Le ministère en a rajouté une couche en répondant à une question parlementaire :

« Dans le but de clarifier ce qui relève du statut de ce qui relève de la retraite, la position de retraite, qui n’apporte aucune garantie statutaire complémentaire, ne figure pas dans la loi N° 2005-270 du 24 mars 2005 portant nouveau statut général des militaires (SGM). En effet, la position statutaire « en retraite », maintenue dans la précédente loi de 1972 portant SGM, avait perdu tout fondement juridique depuis longtemps. Son objectif historique était en effet de maintenir les anciens militaires sous le régime du SGM afin de les dissuader de se tourner vers le mercenariat. La disparition de cette position dans le nouveau SGM, qui n’a aucune incidence sur les droits des militaires retraités, ne les a pas pour autant écartés de la communauté militaire. L’article 1er de la loi du 24 mars 2005 précise en effet que l’un des objectifs du nouveau statut est d’assurer aux retraités militaires le maintien d’un lien avec l’institution. Ainsi, l’article 11 de cette loi confirme la prise en charge des retraités militaires par le régime de sécurité sociale des militaires et garantit, dans les conditions fixées par décret, leur accès aux soins du service de santé des armées et l’aide du service chargé de l’action sociale des armées. De plus, la participation des retraités militaires au conseil supérieur de la fonction militaire est désormais expressément mentionnée dans l’article 18 du SGM… » Réponse à la question n° 69311 de M. Denis JACQUAT.

Bref, voilà un texte qui aurait mérité d’être cité en exemple, d’être mis au Panthéon des textes de loi puisqu’en supprimant une position statutaire, il était censé ne rien changer pour les militaires retraités !

Hélas, la réalité est tout autre, car les mots ont toujours un sens, surtout lorsqu’ils figurent dans les textes législatifs ou réglementaires, mais beaucoup moins lorsqu’ils sont prononcés dans des discours ou des déclarations, y compris à l’Assemblée Nationale.

La Direction de la Fonction militaire (DFM) vient en effet de préciser que:

« La loi de 1834 sur l’état d’officier est abrogé par l’article 111 -III de la loi 72-662 du 13 juillet 1972.

– L’usage du grade et des prérogatives qui lui sont attachées cessent donc avec la cessation de l’état militaire, notamment en cas d’admission à la retraite.

– La disparition de la position statutaire « en retraite » ne permet plus à un militaire rayé des cadres de l’armée d’active, de se présenter comme « officier en retraite ».

– Il est donc incorrect juridiquement de faire suivre l’indication de son grade de la mention « en retraite » ou « er».

Un ancien officier de l’armée active peut toutefois faire état du grade qu’il détenait quand il était en activité. »

Conclusion.

Comme eut dit le poète Jacques Prévert, Madame la ministre n’avait fait que prononcer des « paroles verbales », sans aucune importance !

A chacun d’apprécier la portée de la mascarade que certains ne manqueront pas de qualifier de trahison.
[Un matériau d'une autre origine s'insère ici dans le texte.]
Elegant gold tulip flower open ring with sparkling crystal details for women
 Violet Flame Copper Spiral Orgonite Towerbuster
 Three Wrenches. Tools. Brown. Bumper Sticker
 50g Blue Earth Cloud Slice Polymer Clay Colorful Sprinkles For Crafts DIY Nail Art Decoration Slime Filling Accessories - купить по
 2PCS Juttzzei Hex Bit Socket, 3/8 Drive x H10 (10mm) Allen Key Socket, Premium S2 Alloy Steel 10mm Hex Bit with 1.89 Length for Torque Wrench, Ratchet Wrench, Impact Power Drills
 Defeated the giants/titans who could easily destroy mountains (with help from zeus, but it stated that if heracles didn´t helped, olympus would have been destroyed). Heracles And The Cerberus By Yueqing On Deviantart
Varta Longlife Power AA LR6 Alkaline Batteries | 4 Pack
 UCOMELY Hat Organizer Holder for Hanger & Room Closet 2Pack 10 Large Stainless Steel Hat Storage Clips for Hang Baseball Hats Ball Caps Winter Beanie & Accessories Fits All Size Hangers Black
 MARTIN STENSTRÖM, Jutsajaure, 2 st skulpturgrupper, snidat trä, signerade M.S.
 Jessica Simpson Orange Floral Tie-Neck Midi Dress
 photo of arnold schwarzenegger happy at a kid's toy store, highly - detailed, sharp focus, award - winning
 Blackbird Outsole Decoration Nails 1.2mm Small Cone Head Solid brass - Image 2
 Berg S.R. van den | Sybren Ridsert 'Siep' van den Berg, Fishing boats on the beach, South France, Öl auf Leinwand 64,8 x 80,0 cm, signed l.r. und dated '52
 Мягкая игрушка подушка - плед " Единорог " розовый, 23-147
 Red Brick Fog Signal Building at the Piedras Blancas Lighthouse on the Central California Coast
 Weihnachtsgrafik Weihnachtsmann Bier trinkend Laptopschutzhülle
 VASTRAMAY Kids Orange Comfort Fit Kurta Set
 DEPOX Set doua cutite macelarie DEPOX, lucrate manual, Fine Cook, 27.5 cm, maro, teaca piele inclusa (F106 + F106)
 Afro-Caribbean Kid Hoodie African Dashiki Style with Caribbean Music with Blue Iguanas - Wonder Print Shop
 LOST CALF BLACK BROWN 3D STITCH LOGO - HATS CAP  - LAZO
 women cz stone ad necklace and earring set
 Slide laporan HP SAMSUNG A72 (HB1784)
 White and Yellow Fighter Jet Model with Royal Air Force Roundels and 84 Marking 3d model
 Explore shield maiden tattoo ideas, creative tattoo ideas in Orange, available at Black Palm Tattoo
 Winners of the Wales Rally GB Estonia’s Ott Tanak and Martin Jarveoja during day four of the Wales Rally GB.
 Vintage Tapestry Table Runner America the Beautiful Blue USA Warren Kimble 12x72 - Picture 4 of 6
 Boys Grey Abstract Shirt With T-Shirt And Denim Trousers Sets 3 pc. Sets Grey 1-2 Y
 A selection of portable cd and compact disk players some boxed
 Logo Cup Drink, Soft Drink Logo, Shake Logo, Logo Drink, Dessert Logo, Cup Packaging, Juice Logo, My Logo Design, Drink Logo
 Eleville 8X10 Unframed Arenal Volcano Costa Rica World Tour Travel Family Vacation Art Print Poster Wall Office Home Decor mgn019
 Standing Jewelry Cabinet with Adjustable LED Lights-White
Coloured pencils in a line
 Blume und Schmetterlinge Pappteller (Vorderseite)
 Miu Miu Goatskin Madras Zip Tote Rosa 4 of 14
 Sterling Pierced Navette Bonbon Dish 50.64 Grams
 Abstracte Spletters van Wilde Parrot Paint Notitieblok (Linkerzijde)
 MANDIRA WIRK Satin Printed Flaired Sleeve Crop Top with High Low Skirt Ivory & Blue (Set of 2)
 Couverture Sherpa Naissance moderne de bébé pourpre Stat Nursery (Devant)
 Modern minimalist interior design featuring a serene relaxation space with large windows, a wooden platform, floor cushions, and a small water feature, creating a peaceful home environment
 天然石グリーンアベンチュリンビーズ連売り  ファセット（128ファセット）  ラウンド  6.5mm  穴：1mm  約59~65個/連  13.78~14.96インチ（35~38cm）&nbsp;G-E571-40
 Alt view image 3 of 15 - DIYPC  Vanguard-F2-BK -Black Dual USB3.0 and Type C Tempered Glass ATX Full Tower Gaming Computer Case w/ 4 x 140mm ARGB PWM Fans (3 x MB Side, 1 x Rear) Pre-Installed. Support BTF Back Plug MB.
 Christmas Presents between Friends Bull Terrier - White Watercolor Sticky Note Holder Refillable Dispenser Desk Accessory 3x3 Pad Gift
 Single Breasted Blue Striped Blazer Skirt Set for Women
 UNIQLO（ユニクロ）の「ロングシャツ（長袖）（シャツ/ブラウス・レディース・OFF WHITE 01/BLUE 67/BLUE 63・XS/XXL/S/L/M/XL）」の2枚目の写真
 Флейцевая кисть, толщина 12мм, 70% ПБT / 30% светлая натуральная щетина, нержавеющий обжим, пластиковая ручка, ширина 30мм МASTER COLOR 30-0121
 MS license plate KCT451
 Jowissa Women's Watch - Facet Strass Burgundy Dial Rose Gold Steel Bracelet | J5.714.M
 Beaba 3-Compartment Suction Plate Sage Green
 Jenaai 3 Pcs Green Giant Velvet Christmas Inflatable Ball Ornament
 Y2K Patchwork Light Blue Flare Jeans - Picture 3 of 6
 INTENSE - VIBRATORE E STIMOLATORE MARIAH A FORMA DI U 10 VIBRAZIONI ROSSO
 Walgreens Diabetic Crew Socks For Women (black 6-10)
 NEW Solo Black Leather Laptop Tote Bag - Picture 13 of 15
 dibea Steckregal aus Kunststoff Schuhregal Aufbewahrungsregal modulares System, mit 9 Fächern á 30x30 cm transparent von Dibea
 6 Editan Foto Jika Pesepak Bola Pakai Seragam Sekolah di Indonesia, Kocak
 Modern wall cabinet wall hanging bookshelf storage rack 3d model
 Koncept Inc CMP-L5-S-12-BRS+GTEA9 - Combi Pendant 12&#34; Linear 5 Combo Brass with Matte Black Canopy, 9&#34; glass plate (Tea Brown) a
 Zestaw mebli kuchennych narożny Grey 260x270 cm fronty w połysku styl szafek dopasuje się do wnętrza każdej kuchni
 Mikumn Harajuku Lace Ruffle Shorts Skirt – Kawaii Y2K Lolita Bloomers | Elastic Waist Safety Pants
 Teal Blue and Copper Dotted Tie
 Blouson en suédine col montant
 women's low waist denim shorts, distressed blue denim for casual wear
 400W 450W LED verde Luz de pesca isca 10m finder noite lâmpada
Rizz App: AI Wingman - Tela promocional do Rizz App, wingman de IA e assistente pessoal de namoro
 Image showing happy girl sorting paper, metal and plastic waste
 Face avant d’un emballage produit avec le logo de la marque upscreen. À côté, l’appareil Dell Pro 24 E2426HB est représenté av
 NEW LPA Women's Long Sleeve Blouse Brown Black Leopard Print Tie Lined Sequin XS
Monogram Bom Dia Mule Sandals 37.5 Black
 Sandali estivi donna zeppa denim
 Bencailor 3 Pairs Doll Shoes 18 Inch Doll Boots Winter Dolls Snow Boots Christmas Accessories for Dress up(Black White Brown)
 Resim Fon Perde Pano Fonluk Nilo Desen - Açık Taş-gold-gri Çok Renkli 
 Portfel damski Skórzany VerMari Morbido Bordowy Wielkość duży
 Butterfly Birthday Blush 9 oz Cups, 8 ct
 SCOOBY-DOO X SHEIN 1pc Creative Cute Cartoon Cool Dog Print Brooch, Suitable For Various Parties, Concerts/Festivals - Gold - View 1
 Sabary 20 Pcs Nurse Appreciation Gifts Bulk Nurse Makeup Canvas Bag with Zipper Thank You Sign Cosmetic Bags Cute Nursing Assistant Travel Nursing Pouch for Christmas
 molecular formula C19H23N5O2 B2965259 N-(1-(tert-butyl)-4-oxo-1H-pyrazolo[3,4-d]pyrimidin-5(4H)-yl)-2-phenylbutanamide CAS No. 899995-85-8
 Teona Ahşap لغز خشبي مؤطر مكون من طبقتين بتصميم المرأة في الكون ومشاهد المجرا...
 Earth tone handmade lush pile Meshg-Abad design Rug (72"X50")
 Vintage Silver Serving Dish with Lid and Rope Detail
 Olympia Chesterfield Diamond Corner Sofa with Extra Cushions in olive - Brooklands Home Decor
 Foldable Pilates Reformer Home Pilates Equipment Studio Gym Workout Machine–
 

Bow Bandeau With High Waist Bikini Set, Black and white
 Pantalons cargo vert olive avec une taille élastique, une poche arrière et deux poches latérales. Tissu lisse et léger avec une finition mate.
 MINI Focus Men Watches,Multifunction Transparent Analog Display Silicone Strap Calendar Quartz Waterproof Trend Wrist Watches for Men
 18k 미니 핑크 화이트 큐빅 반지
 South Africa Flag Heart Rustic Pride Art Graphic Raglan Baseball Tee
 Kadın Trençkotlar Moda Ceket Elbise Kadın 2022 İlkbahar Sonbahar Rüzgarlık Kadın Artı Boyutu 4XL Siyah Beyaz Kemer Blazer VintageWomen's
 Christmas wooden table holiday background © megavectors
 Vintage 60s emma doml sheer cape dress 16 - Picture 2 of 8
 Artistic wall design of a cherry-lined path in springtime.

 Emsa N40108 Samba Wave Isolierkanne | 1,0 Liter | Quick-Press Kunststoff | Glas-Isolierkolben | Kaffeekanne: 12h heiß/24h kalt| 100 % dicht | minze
Faut il en être surpris, si on se réfère aux conditions dans lesquelles a été votée la loi, comme l’a si bien montré le témoignage de Mme ROMERIO.

https://www.adefdromil.org/Document.php?DOC=06146343

Seuls échappent aux rigueurs de la loi, nos chers officiers généraux, qui ont encore le droit d’illustrer leur carte de visite du codicille « c.r ou 2 S ». Jusqu’à quand ?

Va-t-on poursuivre en justice les militaires retraités qui feront état du grade obtenu en activité avec la mention e.r ?

Enfin, que dire et que faire ? Il faut d’abord et bien sûr faire connaître ce double langage, cette mesquine perfidie. Et puis, le militaire, n’étant finalement qu’un citoyen en armes, il lui appartient d’user du droit conféré en 1945 par le Général de Gaulle : celui de mettre un bulletin dans l’urne.